The task>
Find "Boxed Daley Flask with Telescopic Cup" below and begin at its line; stop after the line with "Homem bonito em". Output those lines exactly, without pictures.

The data>

- - -

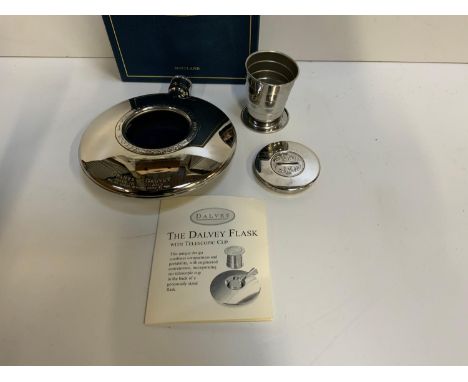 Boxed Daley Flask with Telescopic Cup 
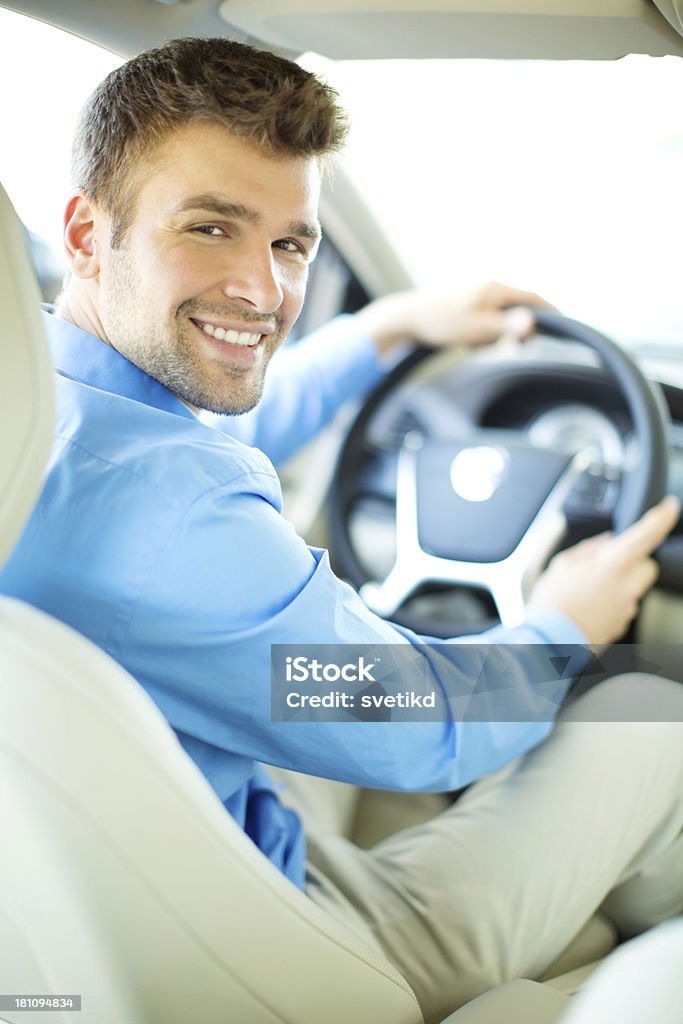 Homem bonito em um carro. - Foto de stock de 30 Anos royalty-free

- - -

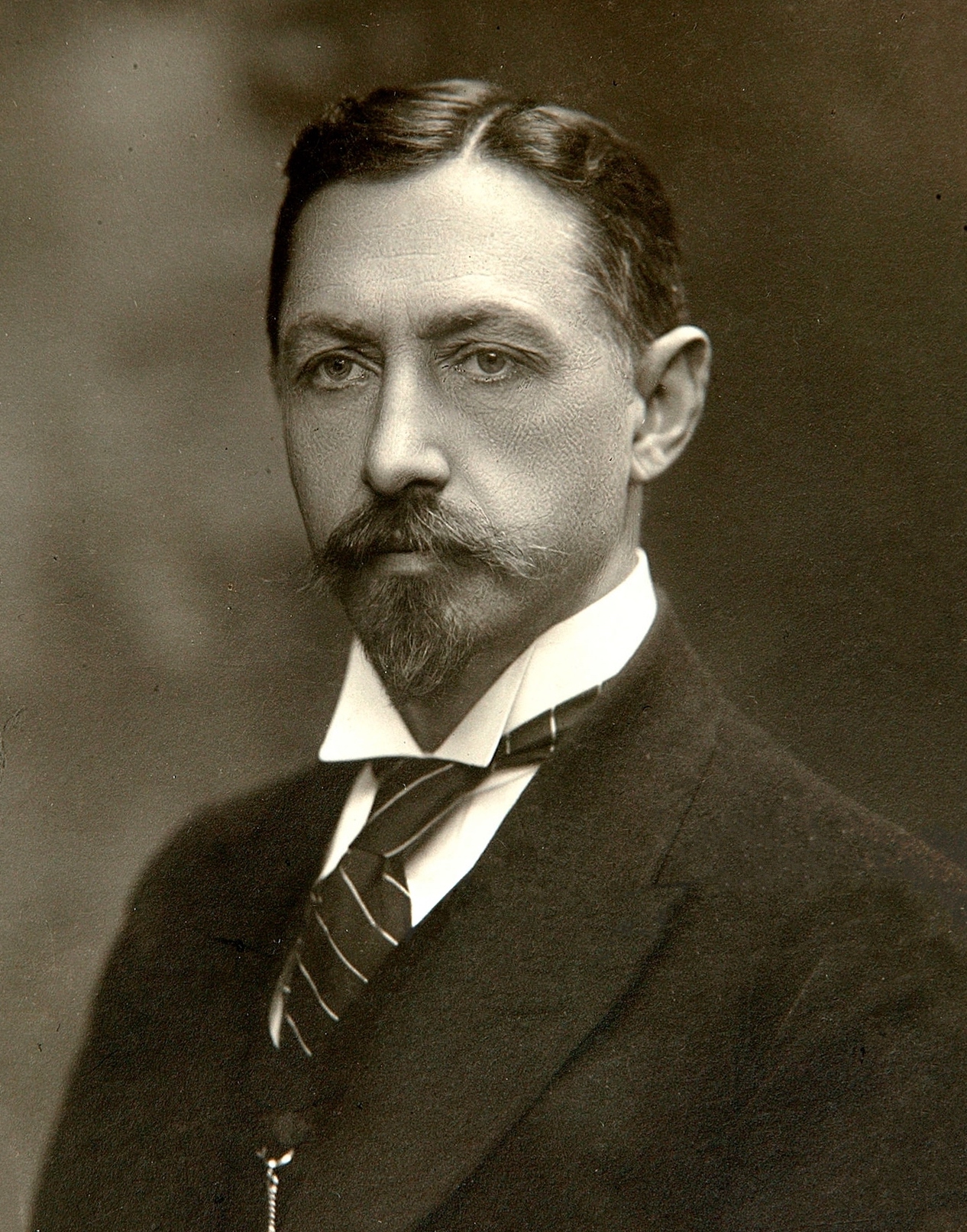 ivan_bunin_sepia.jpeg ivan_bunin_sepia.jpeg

- - -

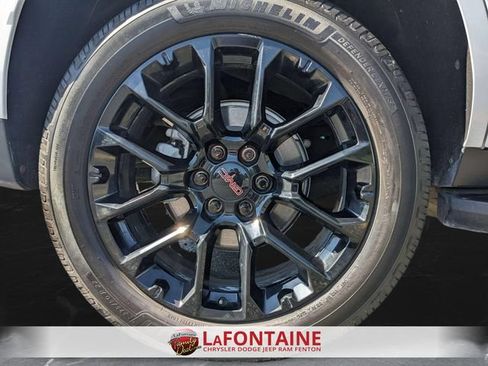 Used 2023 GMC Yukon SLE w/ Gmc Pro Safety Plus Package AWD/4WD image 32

- - -

Written solution>
 Boxed Daley Flask with Telescopic Cup 
 Homem bonito em um carro. - Foto de stock de 30 Anos royalty-free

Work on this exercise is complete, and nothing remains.